» **Task to complete**:
Everything in the listing below from the line containing "White Swan Acrylic Wall klok" through the line containing "The Dark Knight" must be repeated exactly; the remaining lines are not wanted.

» **Exercise materials**:
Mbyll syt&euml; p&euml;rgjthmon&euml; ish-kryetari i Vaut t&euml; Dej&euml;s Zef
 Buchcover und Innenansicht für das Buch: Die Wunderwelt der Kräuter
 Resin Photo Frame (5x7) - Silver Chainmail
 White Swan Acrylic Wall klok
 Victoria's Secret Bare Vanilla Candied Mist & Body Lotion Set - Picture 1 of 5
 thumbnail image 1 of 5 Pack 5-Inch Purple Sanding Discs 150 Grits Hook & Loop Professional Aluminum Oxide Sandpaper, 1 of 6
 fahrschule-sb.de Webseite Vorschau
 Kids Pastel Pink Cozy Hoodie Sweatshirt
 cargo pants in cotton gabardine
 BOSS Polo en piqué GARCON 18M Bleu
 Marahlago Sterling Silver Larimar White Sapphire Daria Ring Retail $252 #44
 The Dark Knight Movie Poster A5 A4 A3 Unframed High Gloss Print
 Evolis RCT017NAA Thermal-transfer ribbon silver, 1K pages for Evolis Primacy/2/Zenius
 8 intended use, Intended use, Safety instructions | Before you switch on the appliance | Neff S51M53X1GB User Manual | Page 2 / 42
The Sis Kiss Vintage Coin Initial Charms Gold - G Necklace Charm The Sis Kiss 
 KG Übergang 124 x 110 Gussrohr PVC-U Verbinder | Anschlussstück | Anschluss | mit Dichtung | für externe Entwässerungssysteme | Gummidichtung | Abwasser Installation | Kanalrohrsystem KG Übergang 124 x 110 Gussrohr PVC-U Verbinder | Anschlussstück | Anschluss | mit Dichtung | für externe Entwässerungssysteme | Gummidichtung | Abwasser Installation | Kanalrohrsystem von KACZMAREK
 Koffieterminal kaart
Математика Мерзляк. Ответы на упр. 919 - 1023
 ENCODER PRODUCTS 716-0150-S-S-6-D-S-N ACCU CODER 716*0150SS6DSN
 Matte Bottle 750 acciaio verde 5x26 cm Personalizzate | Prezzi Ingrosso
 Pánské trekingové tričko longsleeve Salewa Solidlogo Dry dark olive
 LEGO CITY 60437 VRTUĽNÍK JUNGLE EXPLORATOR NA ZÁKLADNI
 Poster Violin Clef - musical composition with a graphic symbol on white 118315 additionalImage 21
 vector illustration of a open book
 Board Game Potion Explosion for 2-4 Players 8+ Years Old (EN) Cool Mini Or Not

» **The answer**:
 White Swan Acrylic Wall klok
 Victoria's Secret Bare Vanilla Candied Mist & Body Lotion Set - Picture 1 of 5
 thumbnail image 1 of 5 Pack 5-Inch Purple Sanding Discs 150 Grits Hook & Loop Professional Aluminum Oxide Sandpaper, 1 of 6
 fahrschule-sb.de Webseite Vorschau
 Kids Pastel Pink Cozy Hoodie Sweatshirt
 cargo pants in cotton gabardine
 BOSS Polo en piqué GARCON 18M Bleu
 Marahlago Sterling Silver Larimar White Sapphire Daria Ring Retail $252 #44
 The Dark Knight Movie Poster A5 A4 A3 Unframed High Gloss Print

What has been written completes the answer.